**Task details**
Using the data below, copy every line that contains the word "Photo".

━━━━━ Data to examine

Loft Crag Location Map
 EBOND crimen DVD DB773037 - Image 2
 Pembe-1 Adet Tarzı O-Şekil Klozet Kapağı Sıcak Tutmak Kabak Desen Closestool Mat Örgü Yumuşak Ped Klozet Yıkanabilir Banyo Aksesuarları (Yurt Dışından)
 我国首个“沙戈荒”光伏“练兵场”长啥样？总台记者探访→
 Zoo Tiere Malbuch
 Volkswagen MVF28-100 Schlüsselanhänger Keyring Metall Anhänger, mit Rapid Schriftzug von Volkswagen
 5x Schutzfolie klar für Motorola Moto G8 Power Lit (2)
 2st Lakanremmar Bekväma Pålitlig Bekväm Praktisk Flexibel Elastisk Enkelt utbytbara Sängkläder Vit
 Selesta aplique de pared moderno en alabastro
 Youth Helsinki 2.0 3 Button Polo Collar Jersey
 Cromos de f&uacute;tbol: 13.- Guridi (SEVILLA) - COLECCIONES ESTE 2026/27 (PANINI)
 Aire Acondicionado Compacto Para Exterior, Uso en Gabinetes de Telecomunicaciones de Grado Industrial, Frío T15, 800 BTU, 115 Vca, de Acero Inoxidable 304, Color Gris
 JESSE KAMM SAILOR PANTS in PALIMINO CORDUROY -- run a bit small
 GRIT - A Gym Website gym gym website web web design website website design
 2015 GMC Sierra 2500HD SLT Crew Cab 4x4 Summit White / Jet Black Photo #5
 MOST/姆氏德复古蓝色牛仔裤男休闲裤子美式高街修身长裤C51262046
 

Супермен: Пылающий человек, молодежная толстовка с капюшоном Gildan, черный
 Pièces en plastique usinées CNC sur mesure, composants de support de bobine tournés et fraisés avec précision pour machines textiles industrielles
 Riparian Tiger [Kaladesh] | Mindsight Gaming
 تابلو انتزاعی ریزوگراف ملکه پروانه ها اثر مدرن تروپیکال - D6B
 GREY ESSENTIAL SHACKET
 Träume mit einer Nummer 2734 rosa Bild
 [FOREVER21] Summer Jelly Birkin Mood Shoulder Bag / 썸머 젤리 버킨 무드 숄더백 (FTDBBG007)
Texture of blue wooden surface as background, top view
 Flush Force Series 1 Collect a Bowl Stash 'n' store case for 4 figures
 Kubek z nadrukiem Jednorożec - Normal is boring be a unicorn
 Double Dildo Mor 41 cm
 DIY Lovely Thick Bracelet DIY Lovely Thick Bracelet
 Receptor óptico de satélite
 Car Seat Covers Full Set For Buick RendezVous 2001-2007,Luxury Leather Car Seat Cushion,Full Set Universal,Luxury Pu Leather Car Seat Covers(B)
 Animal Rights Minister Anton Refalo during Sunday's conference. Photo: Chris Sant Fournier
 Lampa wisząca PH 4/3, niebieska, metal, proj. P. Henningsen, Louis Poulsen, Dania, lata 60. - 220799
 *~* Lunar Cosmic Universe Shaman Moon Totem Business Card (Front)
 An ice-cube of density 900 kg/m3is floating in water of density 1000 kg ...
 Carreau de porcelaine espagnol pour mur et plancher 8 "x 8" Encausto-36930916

━━━━━━━━━━

**Response to this exercise**
 2015 GMC Sierra 2500HD SLT Crew Cab 4x4 Summit White / Jet Black Photo #5
 Animal Rights Minister Anton Refalo during Sunday's conference. Photo: Chris Sant Fournier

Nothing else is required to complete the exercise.